Problem to work on
All entries below are to be written out again exactly, but no picture is to be copied.

Extracted information
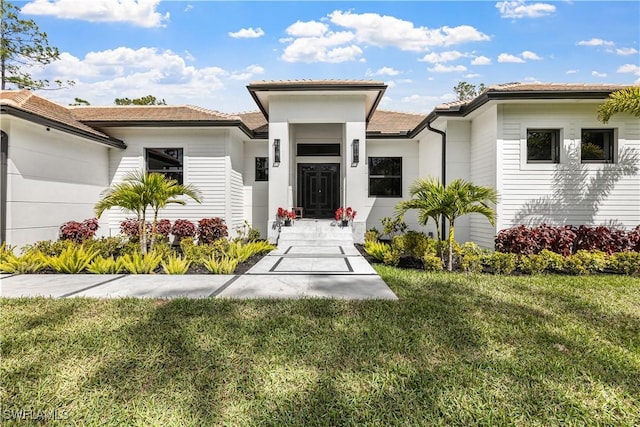 doorway to property with a yard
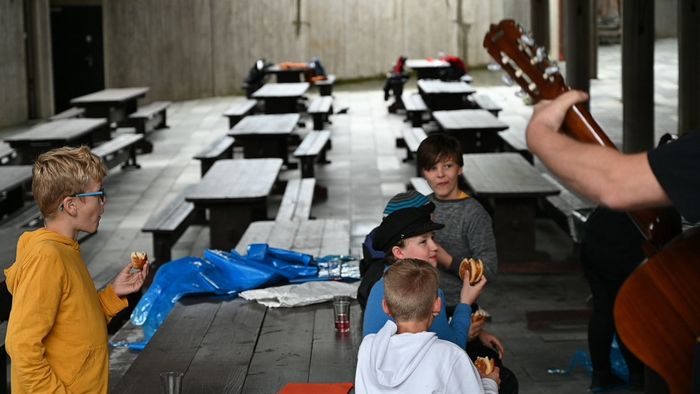 en mann spiller gitar mens fire elever spiser fiskekaker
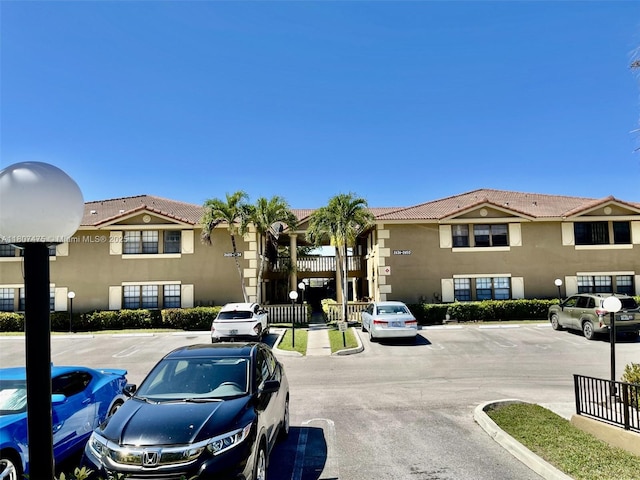 2624 Riverside Dr Unit 2624, Coral Springs, FL 33065 - view of asphalt street with curbs and sidewalks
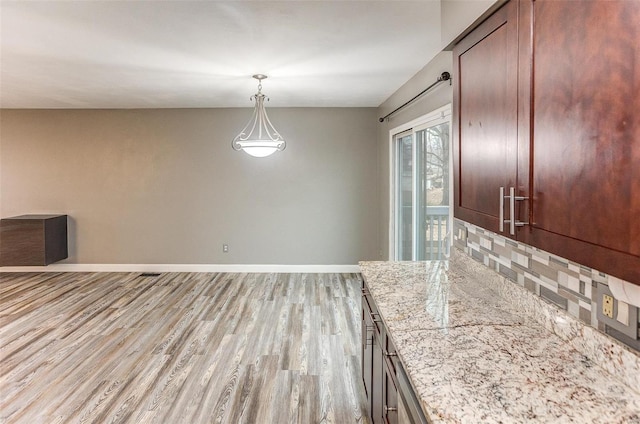 kitchen with hanging light fixtures, light stone countertops, backsplash, and light hardwood / wood-style flooring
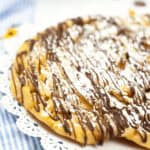 A homemade funnel cake made in the instant pot on a white plate.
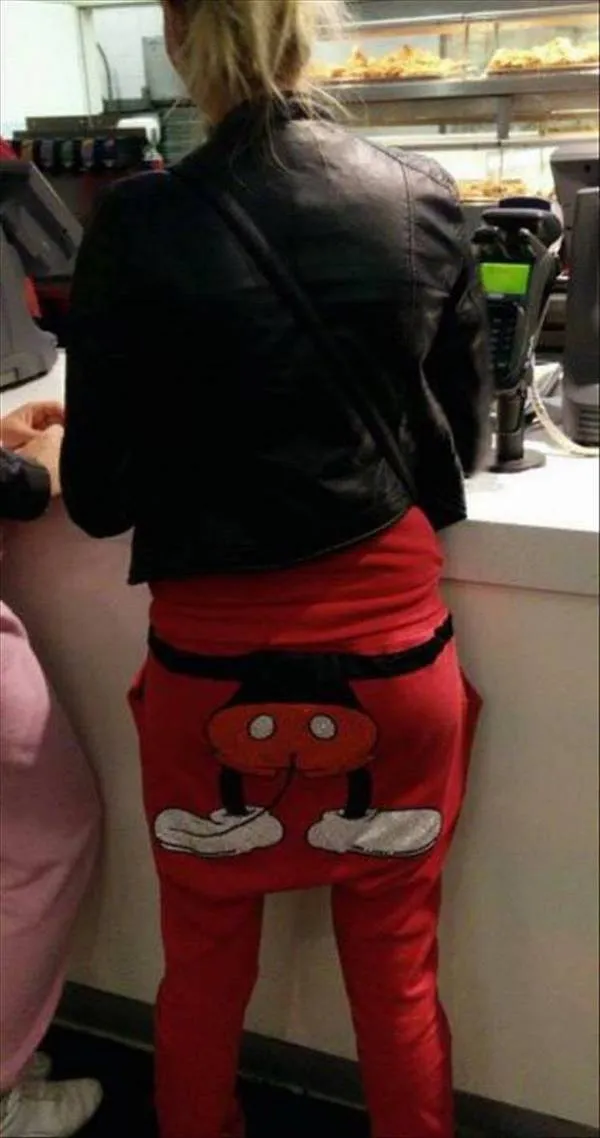 Osoba v čiernej bunde a červených nohaviciach s kresleným motívom čaká v rade pri pulte.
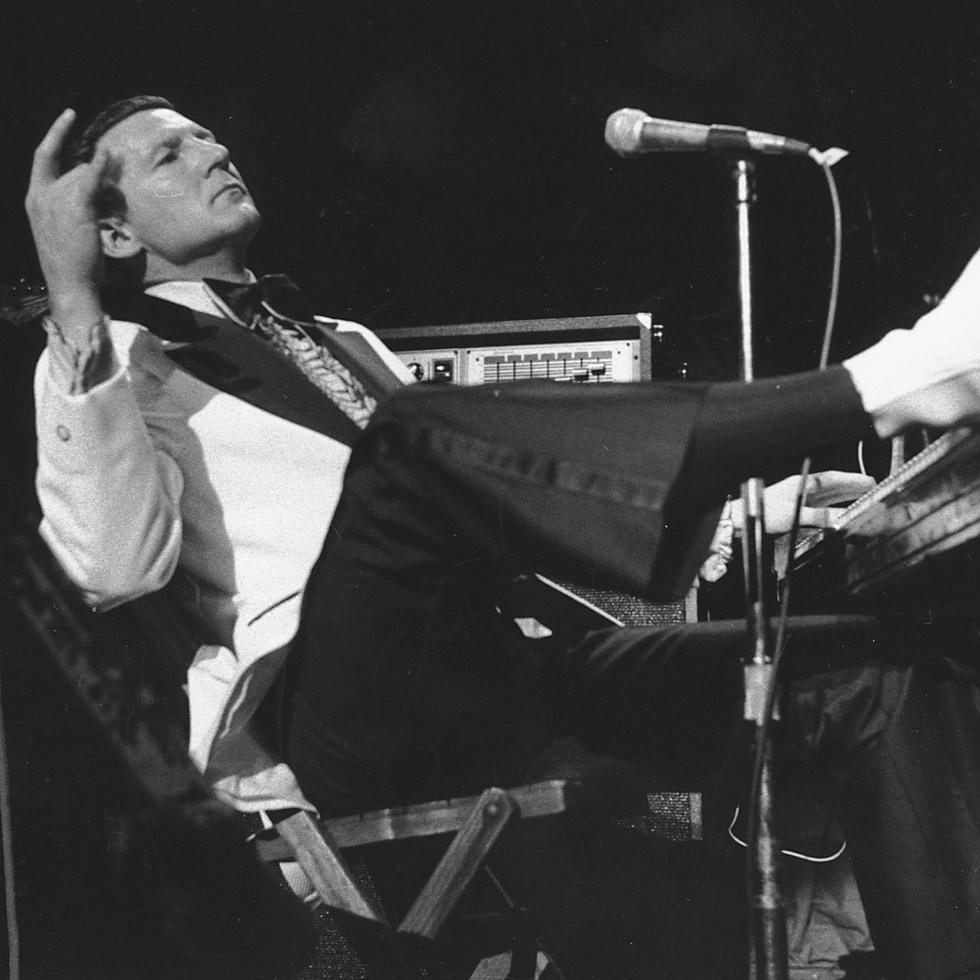Jerry Lee Lewis coloca un pie sobre las teclas del piano durante una presentación en el Madison Square Garden de Nueva York, el 14 de marzo de 1975.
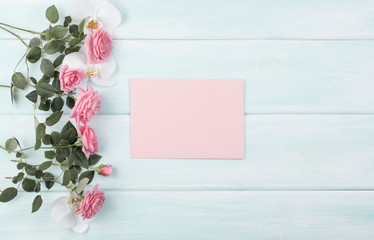 Wooden background with roses and orchid and empty notebook with place for text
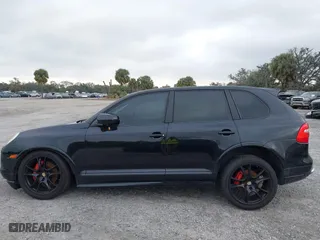 2009 Porsche Cayenne GTS with VIN WP1AD29P99LA62818, listed as a IAAI auction lot 41627073 with 166,414 mi miles. Bid and sale history available at carsss.com. Image 14.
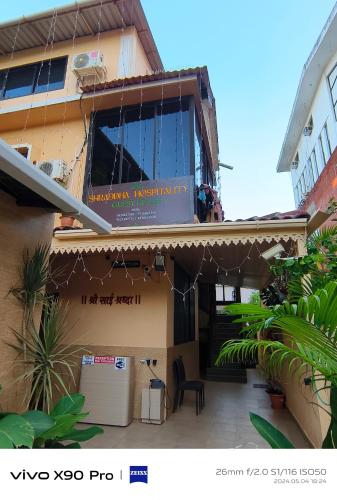 a building with a sign on the side of it at Shraddha hospitality in Calangute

Expected answer
 doorway to property with a yard
 en mann spiller gitar mens fire elever spiser fiskekaker
 2624 Riverside Dr Unit 2624, Coral Springs, FL 33065 - view of asphalt street with curbs and sidewalks
 kitchen with hanging light fixtures, light stone countertops, backsplash, and light hardwood / wood-style flooring
 A homemade funnel cake made in the instant pot on a white plate.
 Osoba v čiernej bunde a červených nohaviciach s kresleným motívom čaká v rade pri pulte.
Jerry Lee Lewis coloca un pie sobre las teclas del piano durante una presentación en el Madison Square Garden de Nueva York, el 14 de marzo de 1975.
 Wooden background with roses and orchid and empty notebook with place for text
 2009 Porsche Cayenne GTS with VIN WP1AD29P99LA62818, listed as a IAAI auction lot 41627073 with 166,414 mi miles. Bid and sale history available at carsss.com. Image 14.
 a building with a sign on the side of it at Shraddha hospitality in Calangute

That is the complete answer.